Angle v. Board of County Commissioners

522 P.2d 347, 214 Kan. 708, 47 Oil & Gas Rep. 566, 1974 Kan. LEXIS 394
CourtSupreme Court of Kansas
DecidedMay 11, 1974
Docket47,262
StatusPublished
Cited by7 cases

This text of 522 P.2d 347 (Angle v. Board of County Commissioners) is published on Counsel Stack Legal Research, covering Supreme Court of Kansas primary law. Counsel Stack provides free access to over 12 million legal documents including statutes, case law, regulations, and constitutions.

Bluebook
Angle v. Board of County Commissioners, 522 P.2d 347, 214 Kan. 708, 47 Oil & Gas Rep. 566, 1974 Kan. LEXIS 394 (kan 1974).

Opinion

The opinion of the court was delivered by

Foth, C.:

In the court below these were four consolidated actions brought by a taxpayer under K. S. A. 79-2005 to recover taxes paid under protest, covering first and second half taxes for the years 1970 and 1971, on seven oil and gas leases in Rush county. The controversy was over the value of the underlying reservoirs; no issue was raised as to the value of the equipment. The tidal court granted judgment for the taxpayer, and the defendant taxing authorities have appealed.

Plaintiff taxpayer is an independent oil and gas operator who has, over the years, drilled numerous oil and gas wells in and around *709 Rush county, Kansas. Commencing in 1966, he drilled several leases in Rush county, in the immediate area of the leases involved in this suit.

The Lansing oil reservoir in this area was shown to be a short-lived gas drive reservoir. In all instances where production was obtained, the initial production for three to six months was quite high, followed by a steep decline. Plaintiff testified that, in his experience, to obtain maximum production from this type reservoir a well should be produced to its full capability in order to take advantage of the gas drive, which tended to dissipate in a short period of time regardless of the rate of production. Once the gas drive dissipated, movement of reservoir oil to the well bore ceased.

It was plaintiff’s theory below, adhered to in this court, that in making the assessments for 1970 and 1971 the Rush county oil and gas assessor had ignored these known factors of productive well life in the area, which he characterized as initial high production, ensuing sharp decline, and short-lived wells. He points to K. S. A. 79-331, which requires an assessor of oil and gas leases to take into account, among other things, “the probable life of the wells.”

He then relies on Garvey Grain, Inc. v. MacDonald, 203 Kan. 1, 453 P. 2d 59, in which we held that where the legislature has “detailed the factors or combinations thereof to be considered by taxing officials” in assessing property, “State and local taxing officials may not ignore the standards prescribed, since the statute clearly requires consideration of the pertinent factors to specific property and of an assessment of specific property in conformity with its provisions. It requires no semantic niceties to conclude that consideration of the pertinent factors is mandatory to determine justifiable value.” (Id., p. 10.)
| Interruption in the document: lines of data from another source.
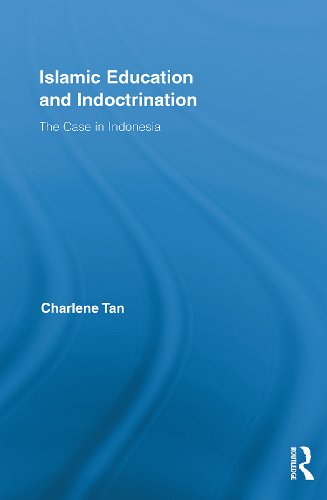 Islamic Education and Indoctrination: The Case in Indonesia (Routledge Research in Education)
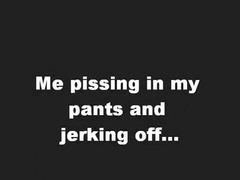 Boy pissing his pants and jerking off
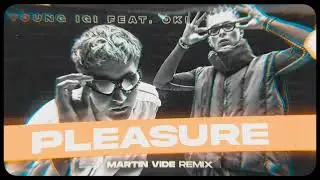 Young Igi feat. OKI - Pleasure (Martin Vide Remix)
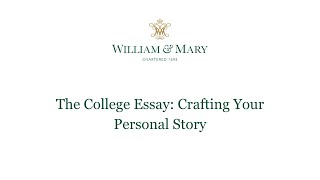 The College Essay: Crafting Your Personal Story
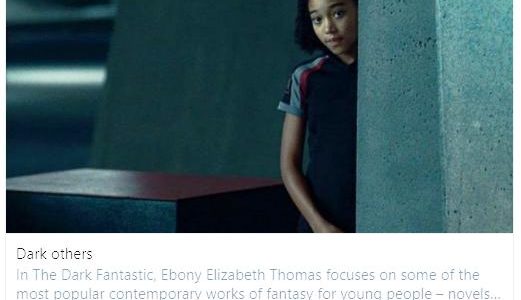 TLS review of Ebony Elizabeth Thomas’s book The Dark Fantastic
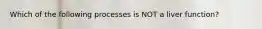 Which of the following processes is NOT a liver function?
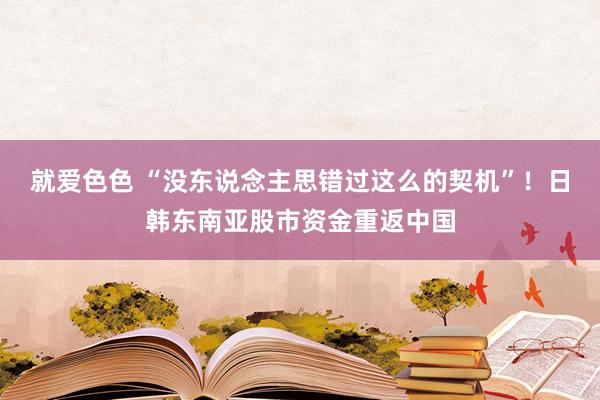 就爱色色 “没东说念主思错过这么的契机”！日韩东南亚股市资金重返中国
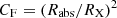 $ C_\mathrm{F} =(R_\mathrm{{abs}}/R_\mathrm{X})^2 $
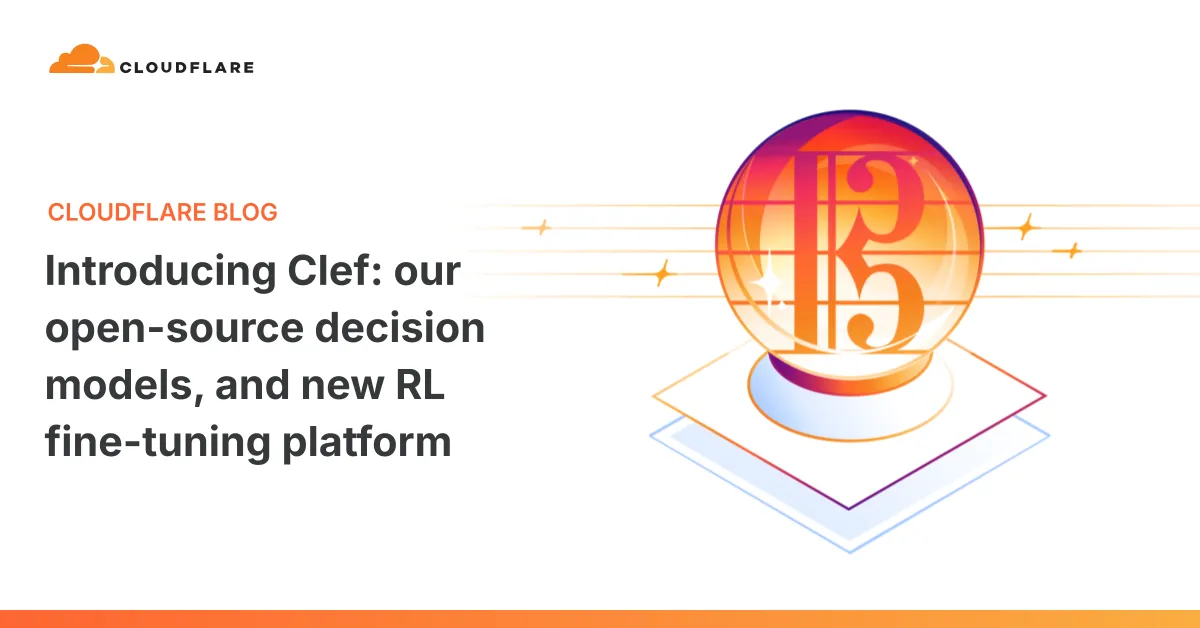 Cloudflare blog header with text introducing Clef decision models and a colorful crystal ball icon.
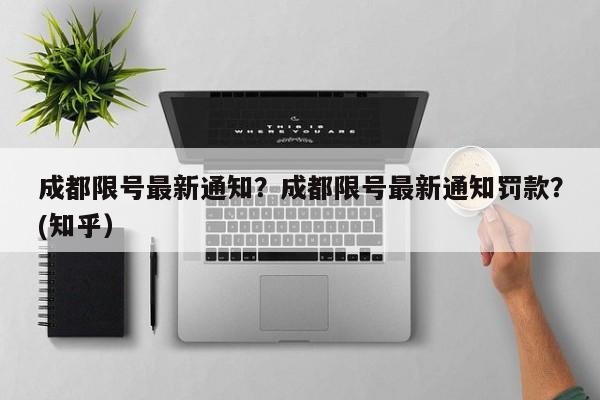 成都限号最新通知？成都限号最新通知罚款？(知乎）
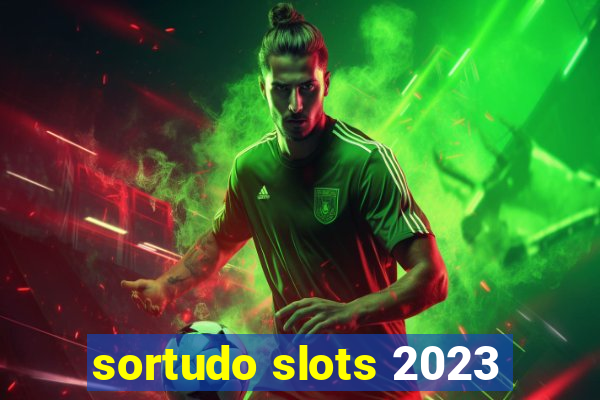 sortudo slots 2023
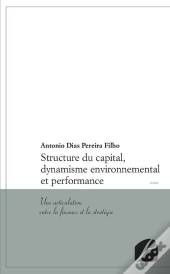 Structure Du Capital, Dynamisme Environnemental Et Performance
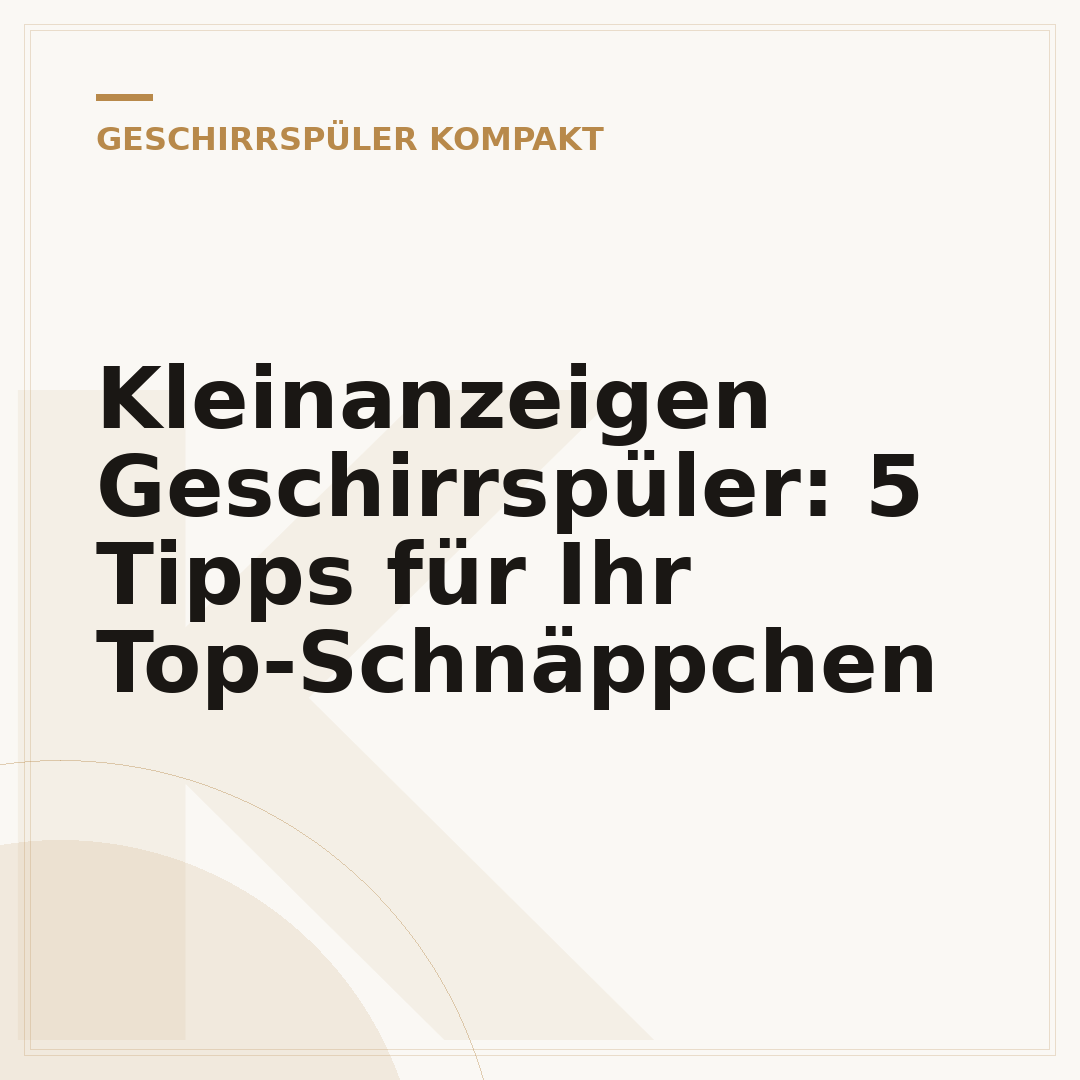 Kleinanzeigen Geschirrspüler: 5 Tipps für Ihr Top-Schnäppchen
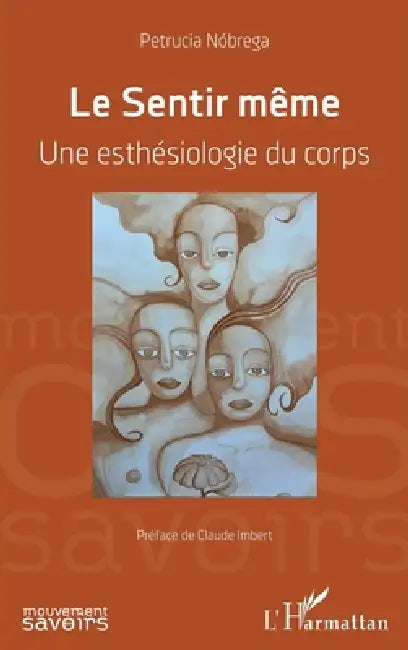 Le Sentir même: Une esthésiologie du corps by Petrucia Da Nóbrega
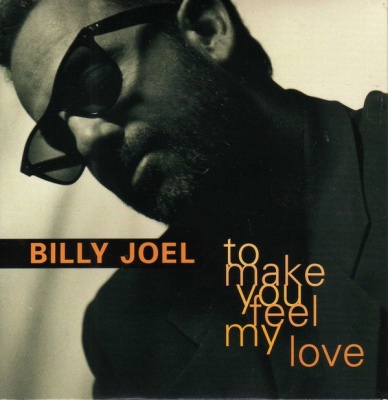 To Make You Feel My Love [#1]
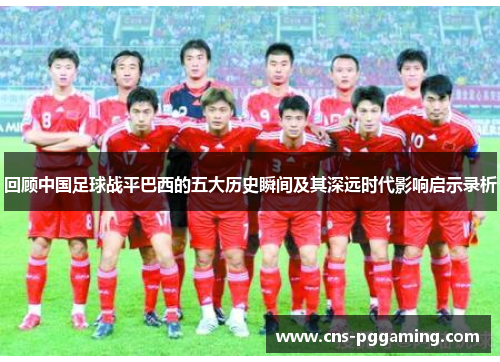 回顾中国足球战平巴西的五大历史瞬间及其深远时代影响启示录析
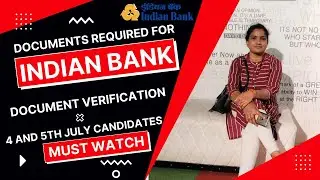 Documents Required for INDIAN BANK | Document Verification | 4 and 5th July Candidates MUST WATCH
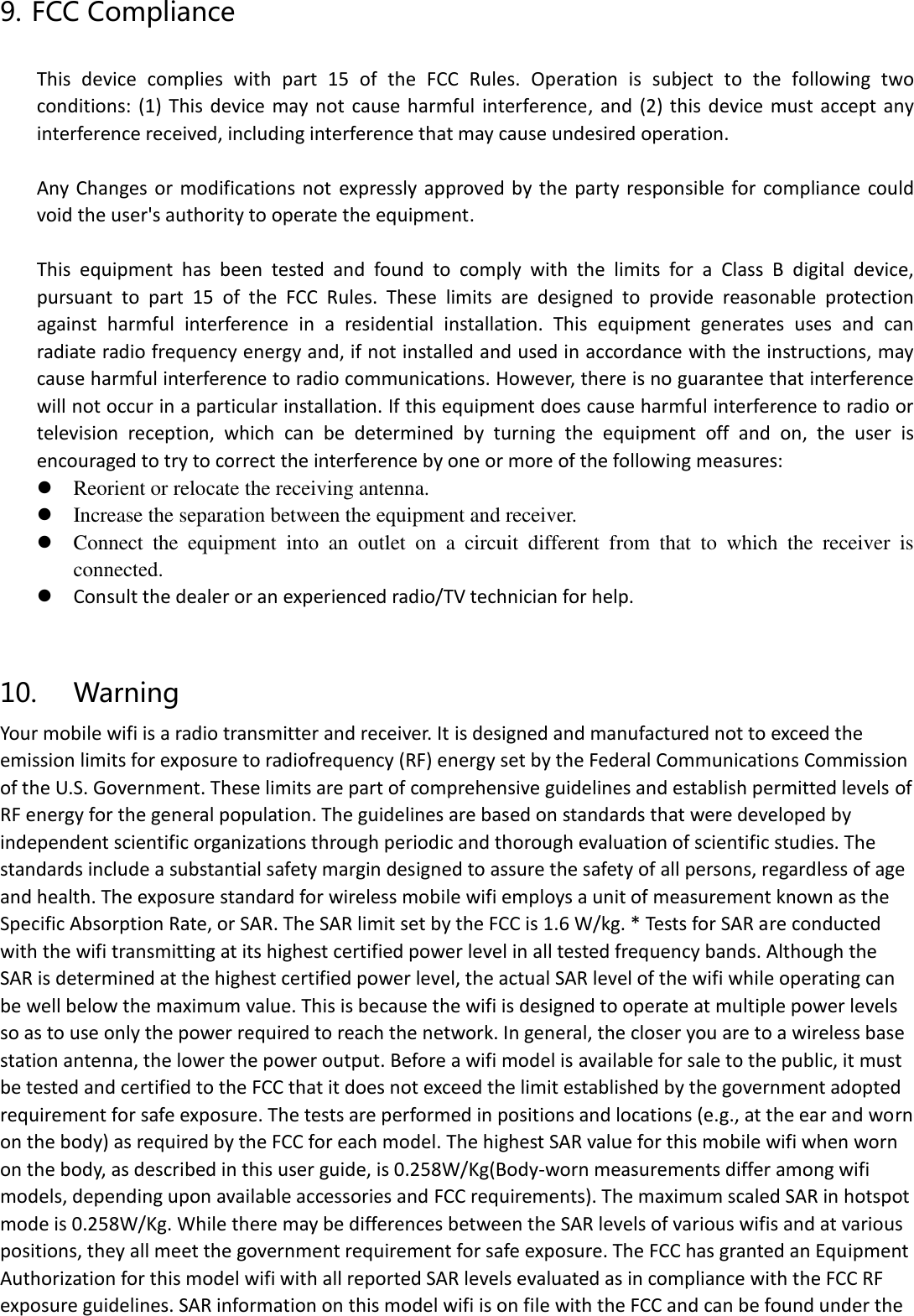 9. FCC Compliance  This  device  complies  with  part  15  of  the  FCC  Rules.  Operation  is  subject  to  the  following  two conditions:  (1) This device may  not cause  harmful  interference,  and  (2)  this  device  must  accept  any interference received, including interference that may cause undesired operation.  Any Changes or  modifications not  expressly approved by the  party  responsible  for  compliance  could void the user&apos;s authority to operate the equipment.  This  equipment  has  been  tested  and  found  to  comply  with  the  limits  for  a  Class  B  digital  device, pursuant  to  part  15  of  the  FCC  Rules.  These  limits  are  designed  to  provide  reasonable  protection against  harmful  interference  in  a  residential  installation.  This  equipment  generates  uses  and  can radiate radio frequency energy and, if not installed and used in accordance with the instructions, may cause harmful interference to radio communications. However, there is no guarantee that interference will not occur in a particular installation. If this equipment does cause harmful interference to radio or television  reception,  which  can  be  determined  by  turning  the  equipment  off  and  on,  the  user  is encouraged to try to correct the interference by one or more of the following measures: ⚫ Reorient or relocate the receiving antenna. ⚫ Increase the separation between the equipment and receiver. ⚫ Connect  the  equipment  into  an  outlet  on  a  circuit  different  from  that  to  which  the  receiver  is connected. ⚫  Consult the dealer or an experienced radio/TV technician for help.  10. Warning Your mobile wifi is a radio transmitter and receiver. It is designed and manufactured not to exceed the emission limits for exposure to radiofrequency (RF) energy set by the Federal Communications Commission of the U.S. Government. These limits are part of comprehensive guidelines and establish permitted levels of RF energy for the general population. The guidelines are based on standards that were developed by independent scientific organizations through periodic and thorough evaluation of scientific studies. The standards include a substantial safety margin designed to assure the safety of all persons, regardless of age and health. The exposure standard for wireless mobile wifi employs a unit of measurement known as the Specific Absorption Rate, or SAR. The SAR limit set by the FCC is 1.6 W/kg. * Tests for SAR are conducted with the wifi transmitting at its highest certified power level in all tested frequency bands. Although the SAR is determined at the highest certified power level, the actual SAR level of the wifi while operating can be well below the maximum value. This is because the wifi is designed to operate at multiple power levels so as to use only the power required to reach the network. In general, the closer you are to a wireless base station antenna, the lower the power output. Before a wifi model is available for sale to the public, it must be tested and certified to the FCC that it does not exceed the limit established by the government adopted requirement for safe exposure. The tests are performed in positions and locations (e.g., at the ear and worn on the body) as required by the FCC for each model. The highest SAR value for this mobile wifi when worn on the body, as described in this user guide, is 0.258W/Kg(Body-worn measurements differ among wifi models, depending upon available accessories and FCC requirements). The maximum scaled SAR in hotspot mode is 0.258W/Kg. While there may be differences between the SAR levels of various wifis and at various positions, they all meet the government requirement for safe exposure. The FCC has granted an Equipment Authorization for this model wifi with all reported SAR levels evaluated as in compliance with the FCC RF exposure guidelines. SAR information on this model wifi is on file with the FCC and can be found under the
It is defendants’ position, on the other hand, that this case involves merely a difference of opinion over value, where the good faith judgment of the assessor must prevail. They rely on Cities Service Oil Co. v. Murphy, 202 Kan. 282, 447 P. 2d 791, where we held:

“Generally, the only function of a court in matters of assessment is to make certain that a taxpayer has the benefit of the honest judgment of the assessing officers and unless the assessment is proven to be so out of proportion as to give reasonable assurance that officers could not have been honest in fixing its valuation, interference by courts is not justified.”
'In the absence of evidence that an assessment was arrived at fraudulently, arbitrarily or capriciously, a difference of opinion as to value is no reason for interference by a court.” (Syl. ¶ 2 & 3.)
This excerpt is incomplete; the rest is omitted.